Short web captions
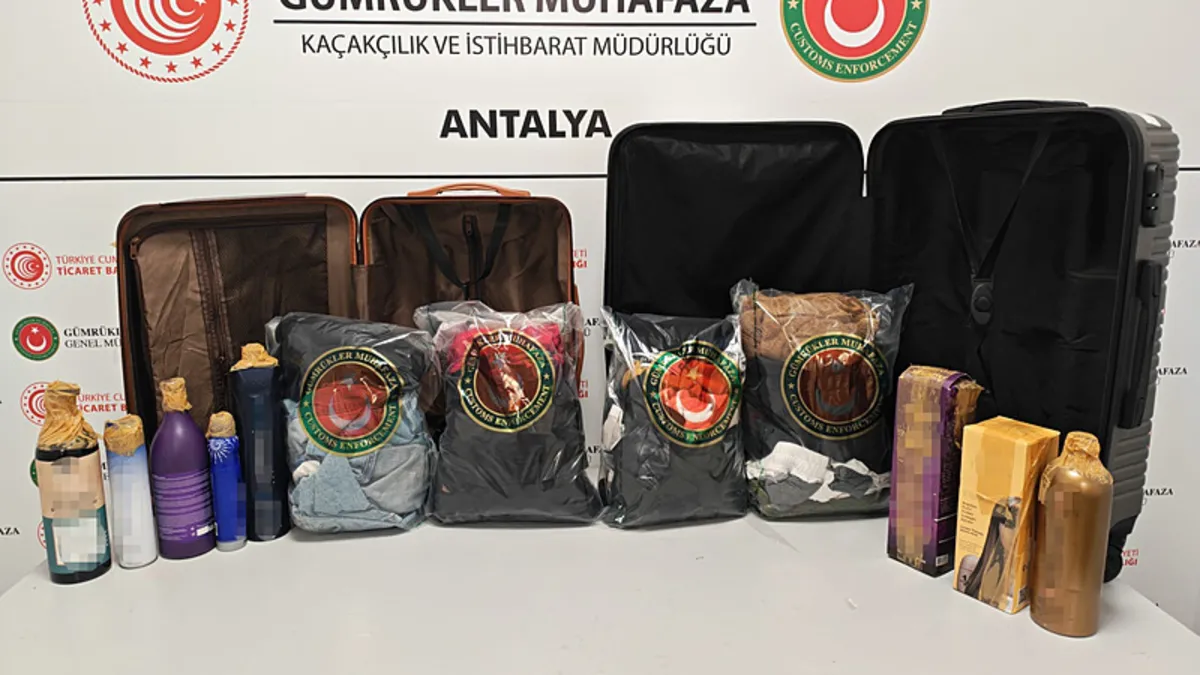 Son Gelişme: Antalya Havalimanı'nda uyuşturucu operasyonu: 18 kilo metamfetamin ele geçirildi - Son Dakika Bil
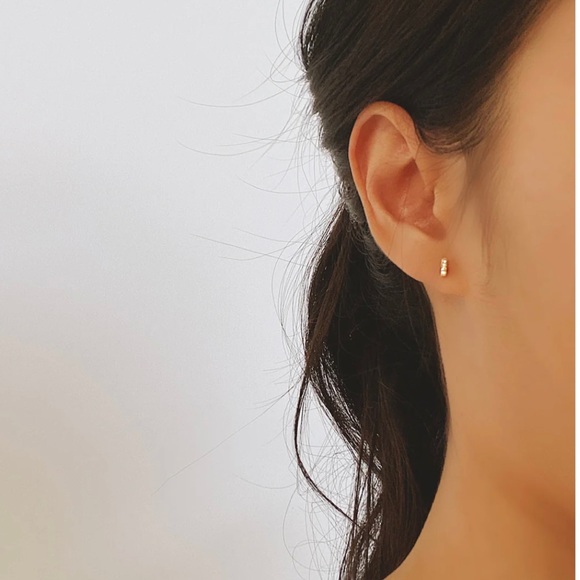 Bar Stud Earrings with Cubic Zirconia - Picture 3 of 5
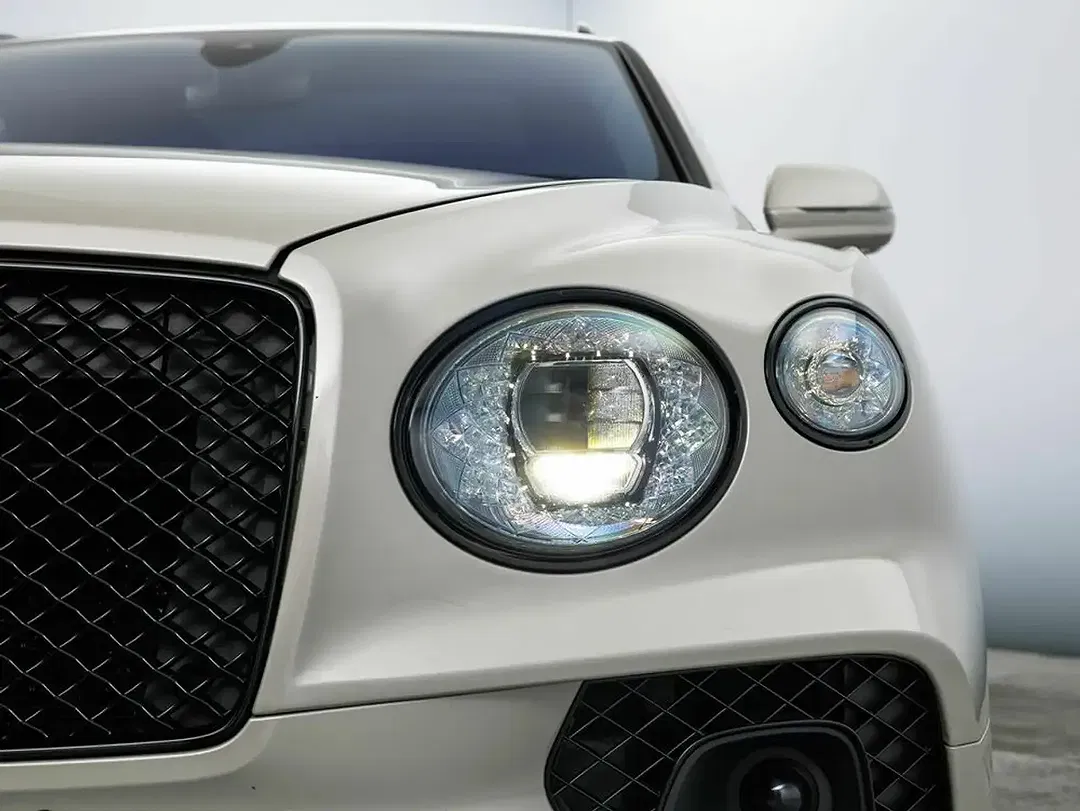 Bentley Bentayga Hybrid Mulliner - Thumbnail 6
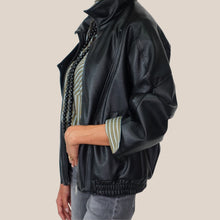 Carica l'immagine nel visualizzatore di Gallery, Haveone bomber ecopelle Art KVE-R041

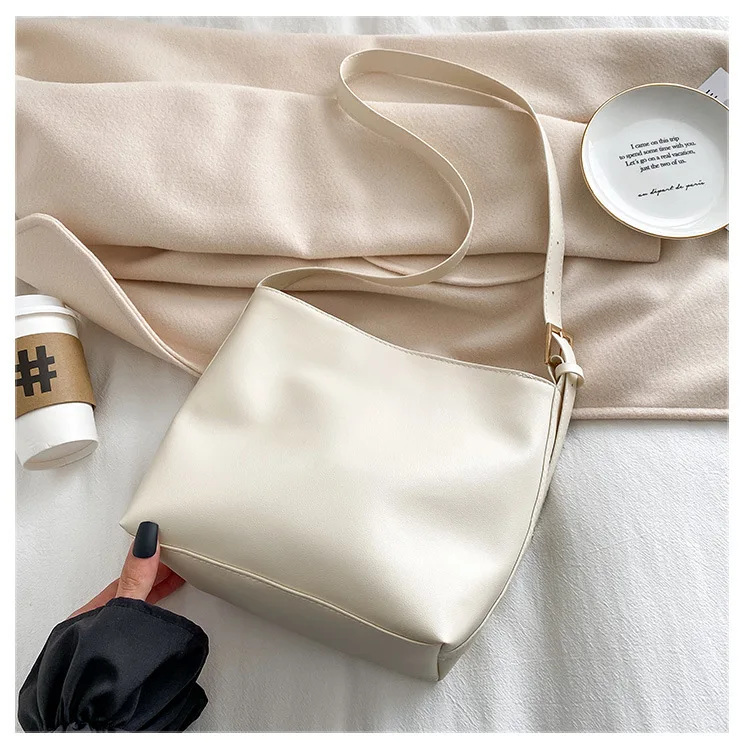 

women New Korean Large Capacity Messenger Bag Simple One Shoulder Handbag Small Square Bag Soft Leather Mobile Phone Bag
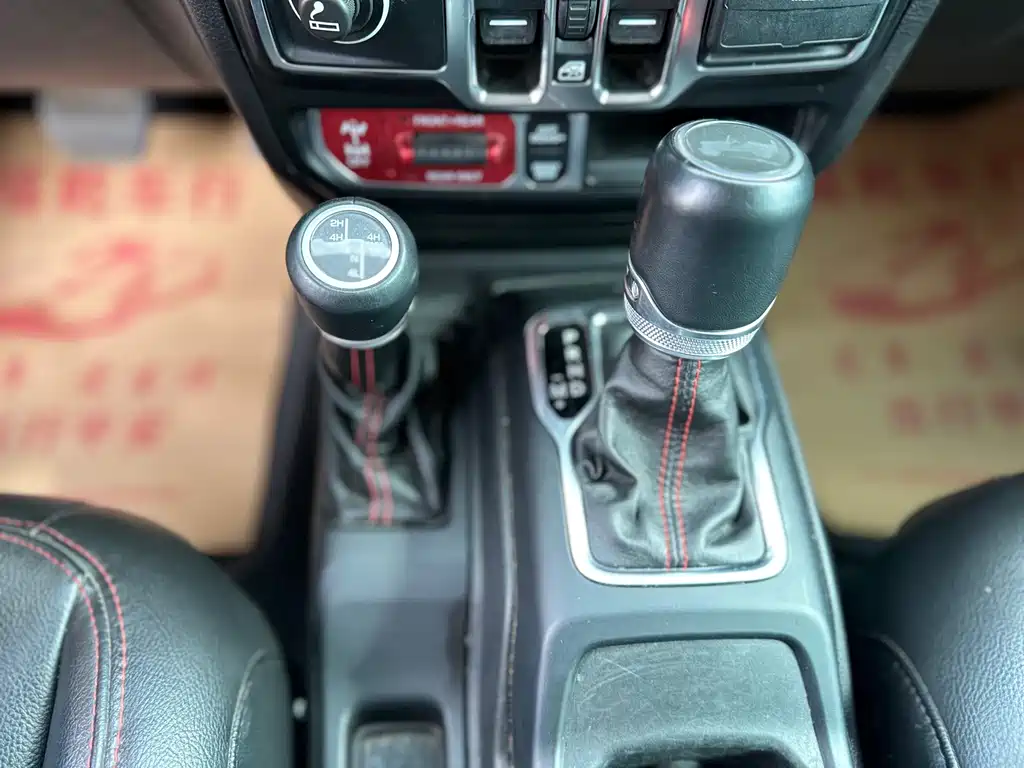 Jeep Wrangler — фото 16
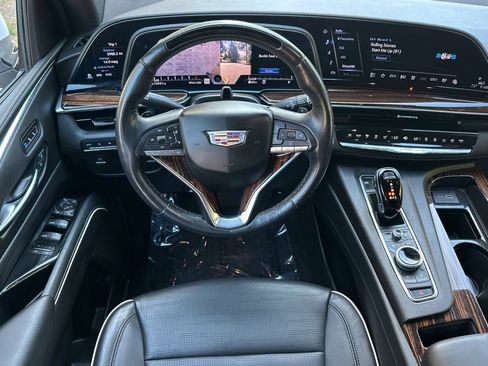 Used 2023 Cadillac Escalade ESV Premium Luxury w/ LPO, Radiant Package AWD/4WD image 13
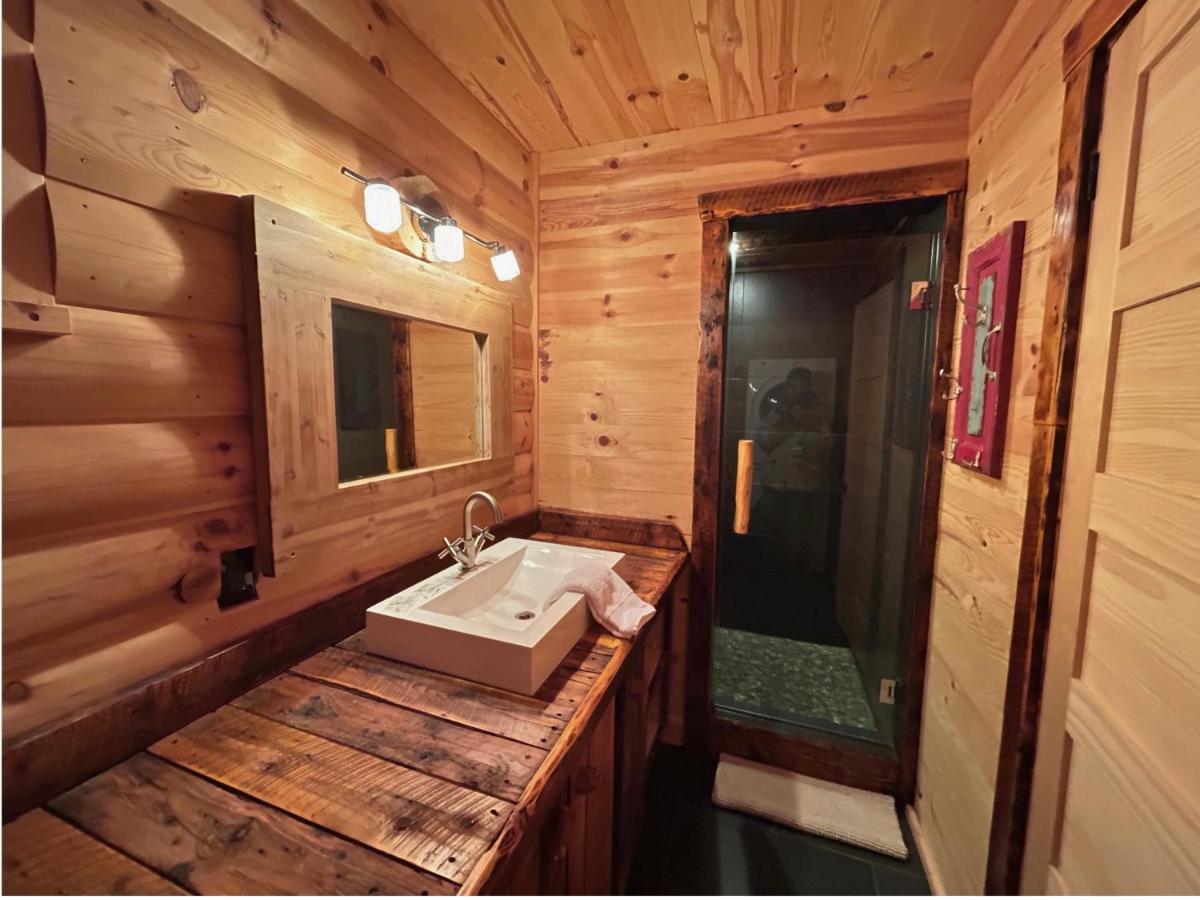 Husky - Chalets De Moh - Jacuzzi Ла-Мальбе Екстер'єр фото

● **Work order**
A word-for-word copy of the data above is needed, one that omits the pictures.

● **Exercise response**
 Son Gelişme: Antalya Havalimanı'nda uyuşturucu operasyonu: 18 kilo metamfetamin ele geçirildi - Son Dakika Bil
 Bar Stud Earrings with Cubic Zirconia - Picture 3 of 5
 Bentley Bentayga Hybrid Mulliner - Thumbnail 6
 Carica l'immagine nel visualizzatore di Gallery, Haveone bomber ecopelle Art KVE-R041


women New Korean Large Capacity Messenger Bag Simple One Shoulder Handbag Small Square Bag Soft Leather Mobile Phone Bag
 Jeep Wrangler — фото 16
 Used 2023 Cadillac Escalade ESV Premium Luxury w/ LPO, Radiant Package AWD/4WD image 13
 Husky - Chalets De Moh - Jacuzzi Ла-Мальбе Екстер'єр фото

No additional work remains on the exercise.